YOUR TASK:
An exact copy of the listing is required, with its pictures removed.

GIVEN DATA:
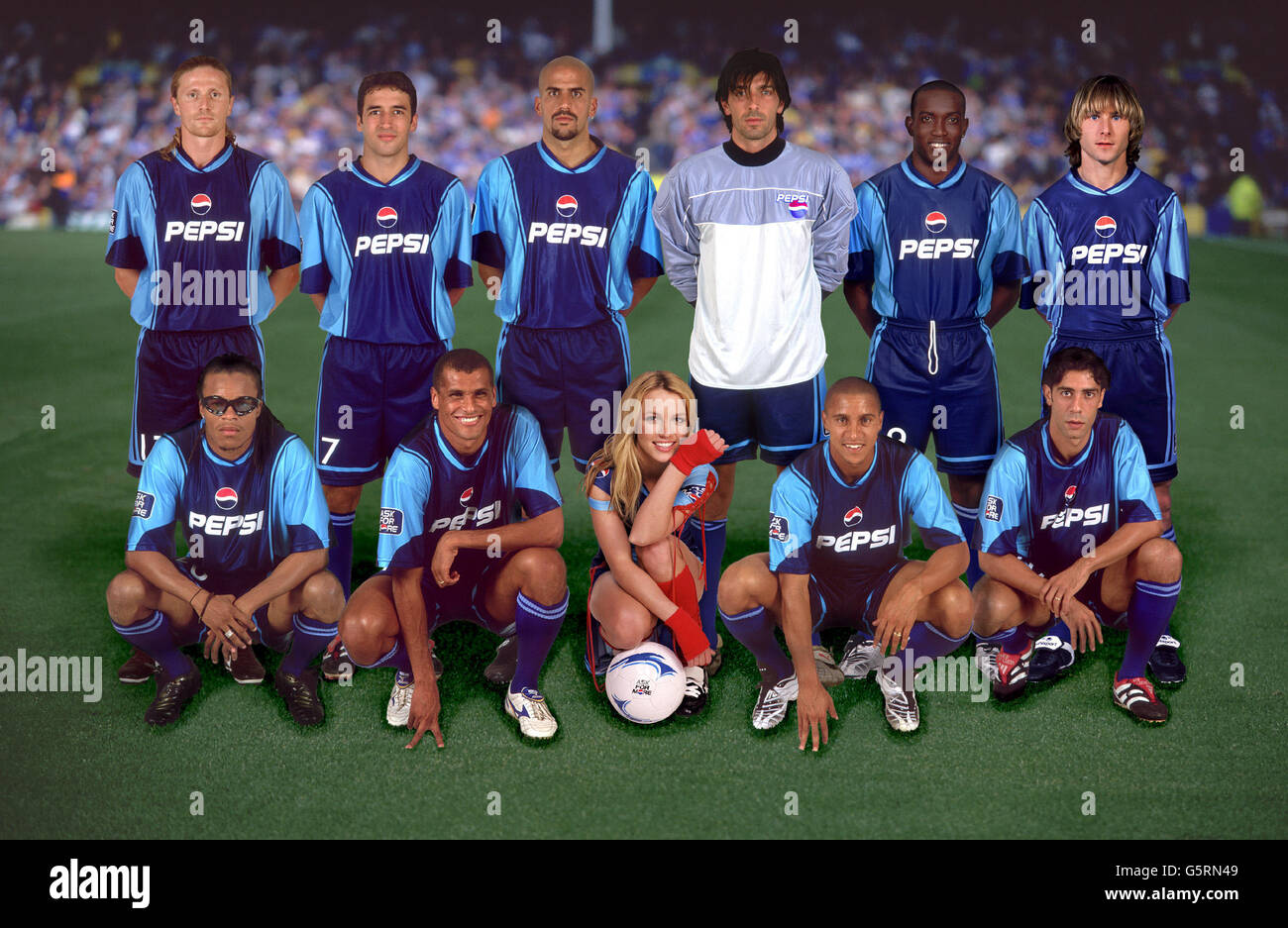 Computer-generated image of Britney Spears with the Pepsi All-Star line-up for Asia 2002. Back Row : L-R - Emmanuel Petit, Raul Gonzalez, Juan Veron, Gianluigi Buffon, Dwight Yorke, Pavel Nedved. * Front Row: L-R - Edgar Davids, Rivaldo,Britney Spears, Roberto Carlos, Rui Costa. Stock Photo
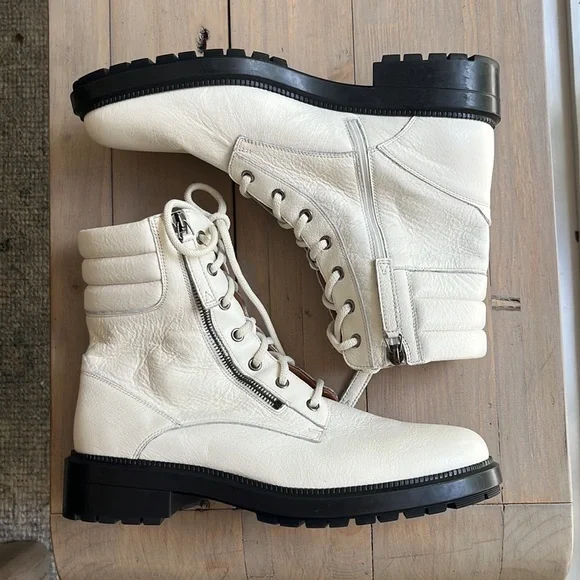 Aquatalia Laila Water Resistant Zip Bootie in Off White Leather Size 9.5. - Picture 1 of 10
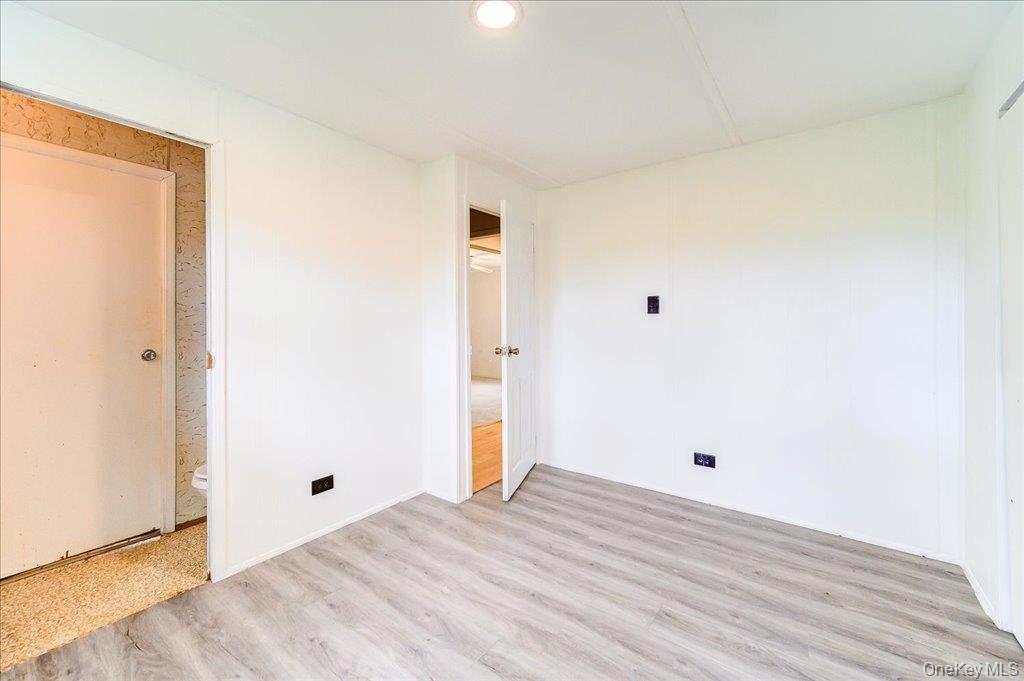 99 Moore Street Property Photo 34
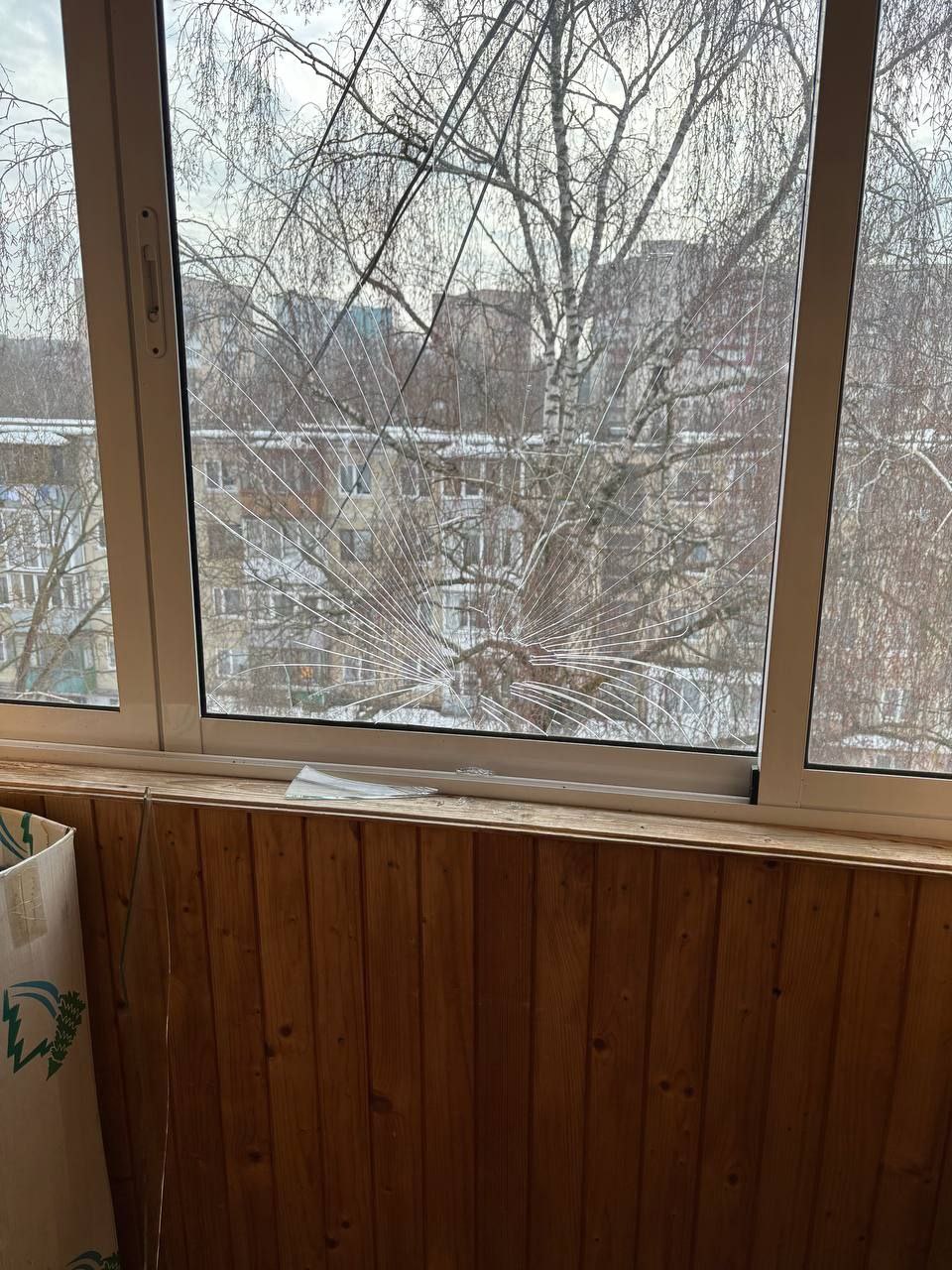 Новини Тернополя - фото з Через бурульки тріснуло скло: мешканці на Кривоноса скаржаться на ЖЕК. Але там вину відкидають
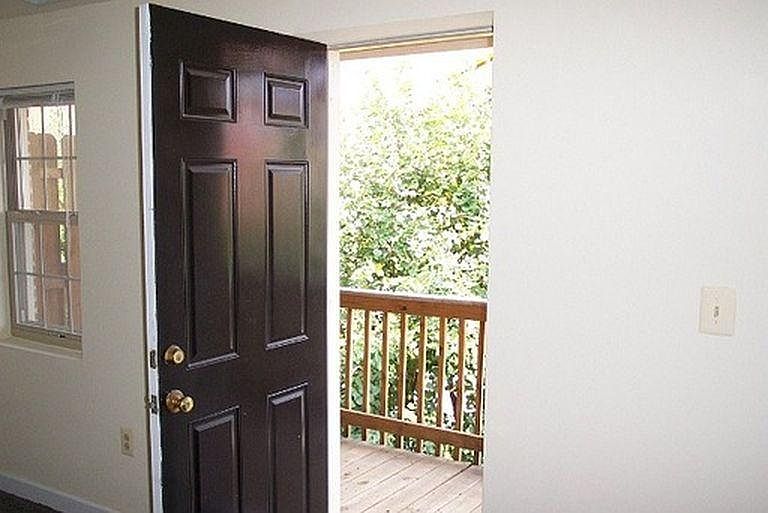 deck off 2nd bedroom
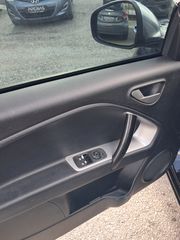 Alfa Romeo Mito 2012-thumb-11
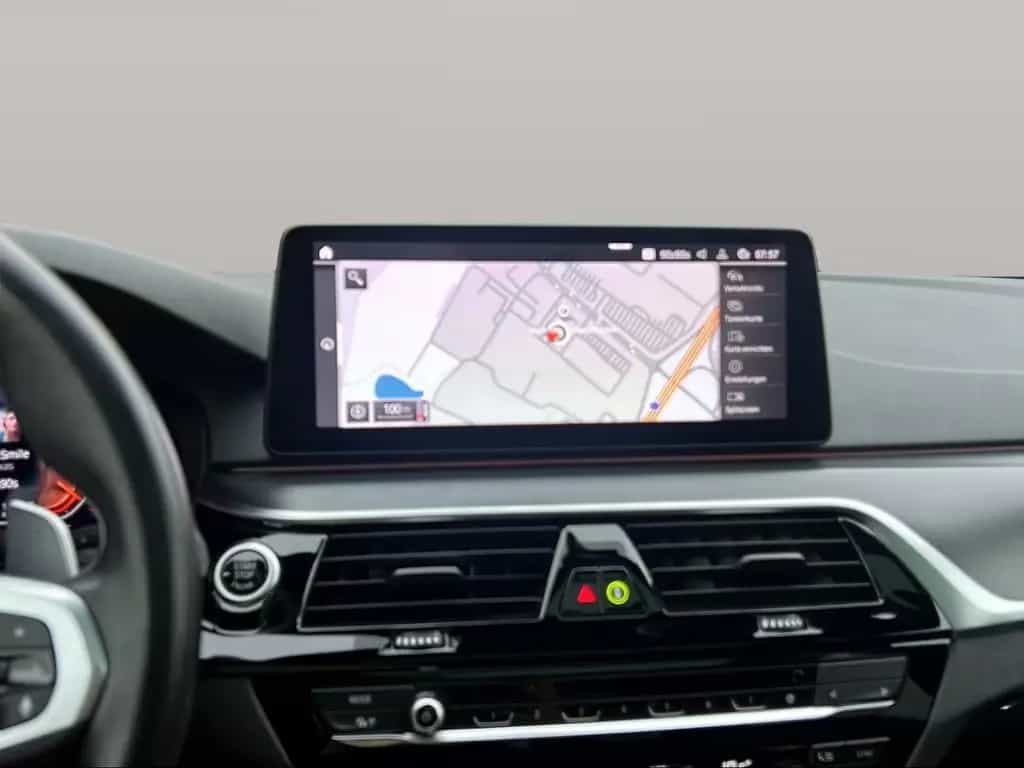 BMW 5 Series d Touring M Sport LiveCockpitProf Kamera 12/2022-photo-11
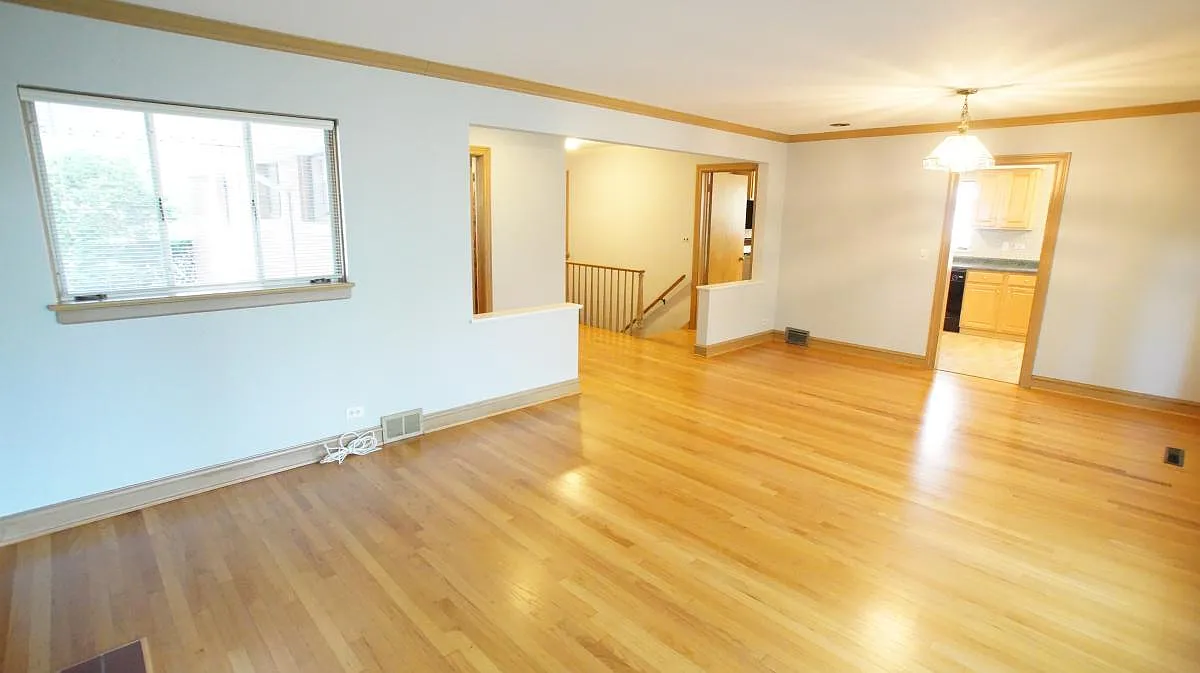 Building Photo - 459 Highcrest Dr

TASK ANSWER:
 Computer-generated image of Britney Spears with the Pepsi All-Star line-up for Asia 2002. Back Row : L-R - Emmanuel Petit, Raul Gonzalez, Juan Veron, Gianluigi Buffon, Dwight Yorke, Pavel Nedved. * Front Row: L-R - Edgar Davids, Rivaldo,Britney Spears, Roberto Carlos, Rui Costa. Stock Photo
 Aquatalia Laila Water Resistant Zip Bootie in Off White Leather Size 9.5. - Picture 1 of 10
 99 Moore Street Property Photo 34
 Новини Тернополя - фото з Через бурульки тріснуло скло: мешканці на Кривоноса скаржаться на ЖЕК. Але там вину відкидають
 deck off 2nd bedroom
 Alfa Romeo Mito 2012-thumb-11
 BMW 5 Series d Touring M Sport LiveCockpitProf Kamera 12/2022-photo-11
 Building Photo - 459 Highcrest Dr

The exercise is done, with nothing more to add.